We are Limies, we kept saying ,but didn`t make any difference.
One at a time they took us to a Patrol car, `Hands on the hood and spread `em`. Geof went first, a big black Cop towered over him, `Where ya from``, Geof said `The Isle of Wight`, the Cop hit him over the head with his club, "AARRWWGGHH", said Geof, as a large lump appeared on his head. The big black Cop said `Ya trying to be funny wise guy.`. `No` said Geof, `I am from the Isle of W-I-G-H-T not W-H-I-T-E. its in England`.
They went through all our pockets and found our US Immigration Passes.
A bunch of Limies off the Parthia, eh. So we got a Police escort back to the ship to make sure we got on board. The cops who were taking us back told us they had a stake out on that Warehouse as they had a tip off that it was going to be raided and we had ruined it. They were not amused.
We sailed the following day bound for Liverpool

Captain Kong
12th April 2019, 04:35 PM
I always enjoyed wearing Khakis, until I went ashore in Jacksonville Florida, I was schooner rigged and called into JC Pennys Store,
They had US Army uniforms, Khaki shirt and trousers, complete with badges of the Regiment on,
I said Why the hadges the man said he had a lot of Vet customers who bought shirts of their old Regiment. So I bought a shirt and a pair of Keks. I went in town and into the Flamingo Bar, a beautiful Puerto Rican Barmaid, she poured real good Rum and Cokes, after a few hours I was drunk as a skunk, I fell out of the Bar and almost into arms of a Military Patrol. They chased me round the intersection , jumping over cars then I fell over and they both battered me with their night sticks. I`m a Limie I kept shouting, to no avail, `Yeah we heard that before Mac.` then another bang on the head, I was covered in blood, then a jeep turns up and I am thrown in and taken to a military base and thrown into a tank with another dozen fellows in a similar state. After an hour or so I am taken out for questioning and searched. `Goddamn this guy really is a Limie`, they found my pass off the Manchester Merchant.

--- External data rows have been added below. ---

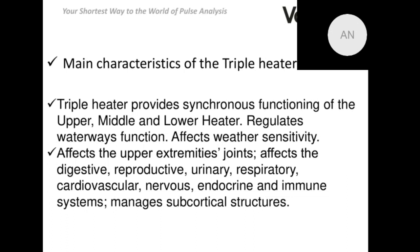This system also affects the joints of our upper extremities, influences our spine and joints of the lower extremities, and it is true that this system influences all our inner systems. Of particular interest regarding the Triple Heater channel is the ability to manage our subcortical structures directly, so all disorders connected to subcortical structure dysfunction can be influenced by means of the biological active points of the Triple Heater channel.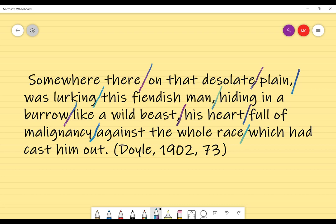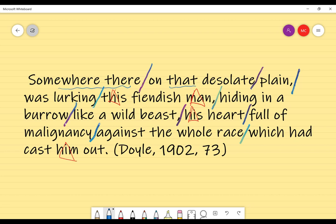So that's really interesting. Running through the passage: 'somewhere there, on that desolate plain, was lurking this fiendish man, hiding in a burrow like a wild beast, his heart full of malignancy against the whole world, which had cast him out.' This particular passage is very much about the criminal — 'this man,' 'his,' 'him' — and that's something we need to remember.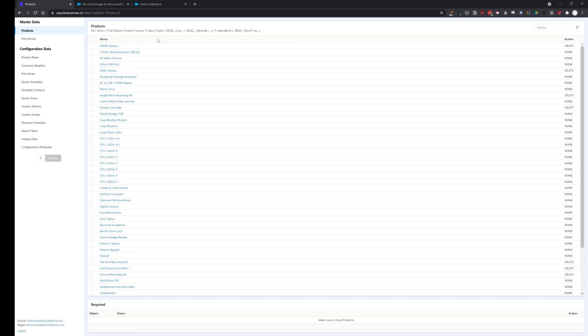Thanks for tuning in. This was a simple overview video of the CPQ deployment tool that we're developing here at Blue Canvas. Feel free to give us feedback from our website. You can always sign up to try out the tool at cpq.bluecanvas.io. I'm hoping to see you in the next video. Thank you.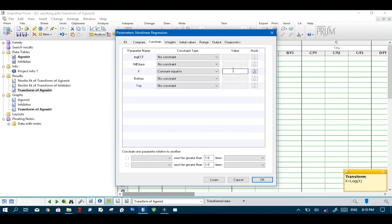Now in this dialog box we need to enter the F constant value. To find EC 90 our F value has to be 90. When we are looking for EC 10 our F value is 10. When looking for EC 70 our F value is 70.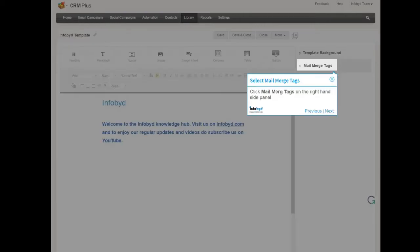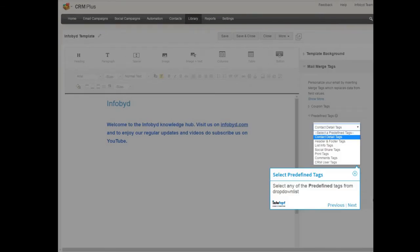Click Mail Merge Tags on the right-hand side panel. Select any of the predefined tags from drop-down list.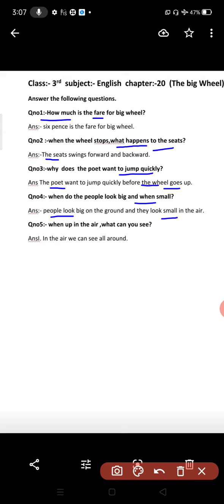Question five: When up in the air, what can you see? When we go up in the air, we can see all around.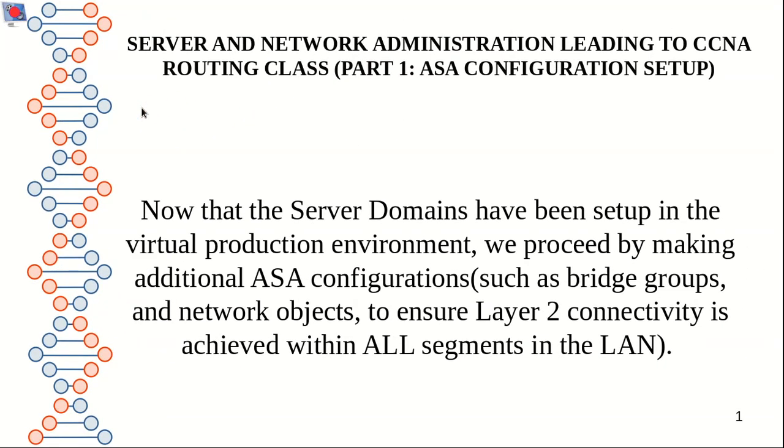Now that the server domains have been set up in the virtual production environment, we proceed by making additional ASA configurations such as bridge groups and network objects to ensure layer 2 connectivity is achieved within all segments in the LAN.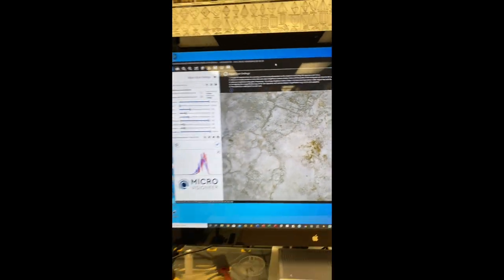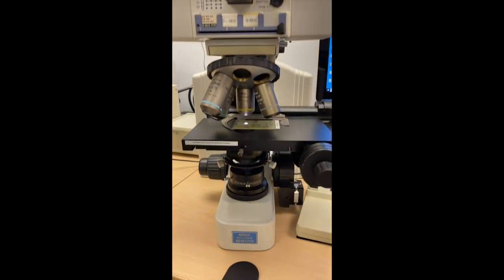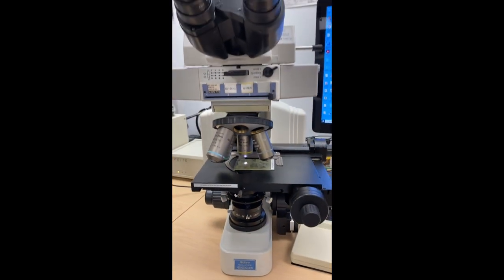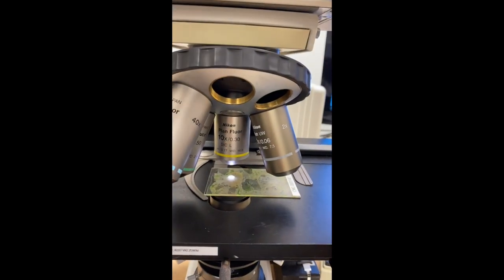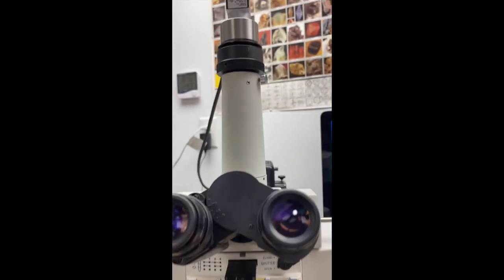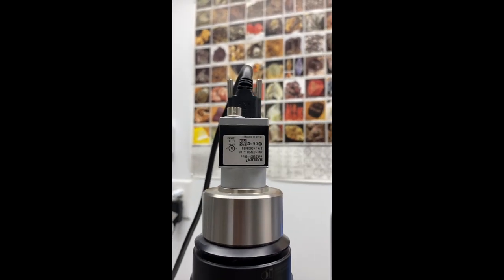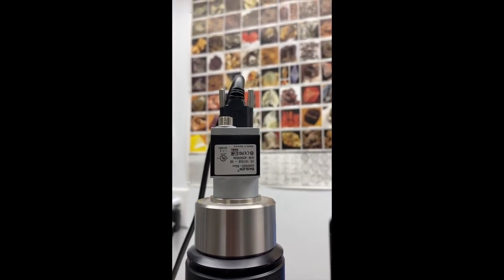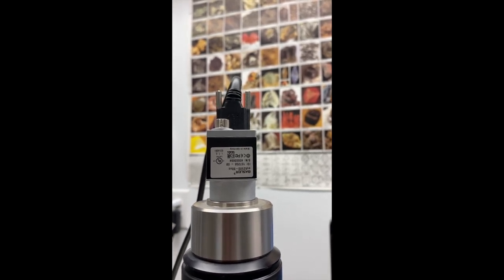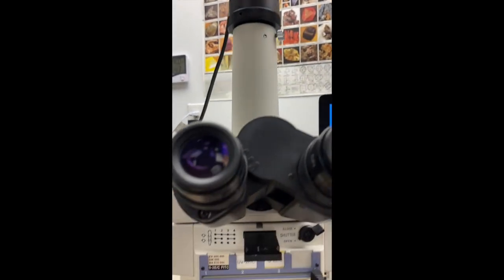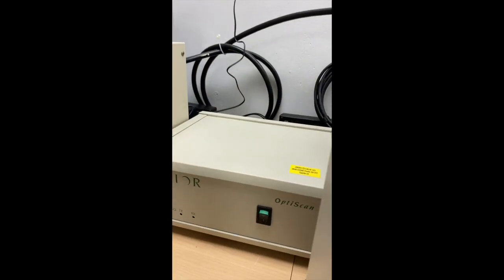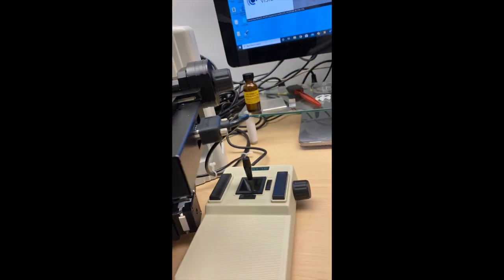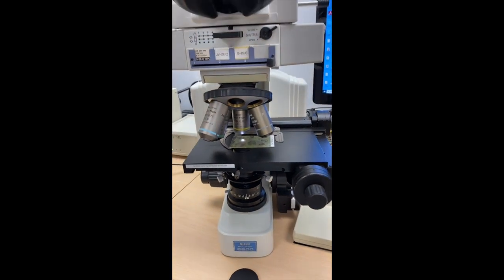I'm using a Nikon Eclipse E600 fluorescent light microscope with 10x objective and a Basler S camera with 60 frames per second frame rate, 5 megapixel, and the Prior controller, the OptiScan controller, the joystick, and the motorized XY stage.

So they cleaned me up sponging my shirt as well, and took me to a hospital for stitches in my head. They put me in the jeep and took me back to the Flaminigo Bar, the barmaid was still there, `Give this guy anything he wants. `me `I want to go back to the ship my head is hurting, I just want to lie down.` `We are off duty in half an hour we will be back `.
`What for?, to beat me up again`? The Barmaid treated me to a large Rum and so I spent a pleasant half hour chatting to her.
They came back, paid for my drinks, picked me up and took me to a Restaurant and a big steak, All I wanted was to go to bed , my head was hurting,
Eventually they took me back to the ship.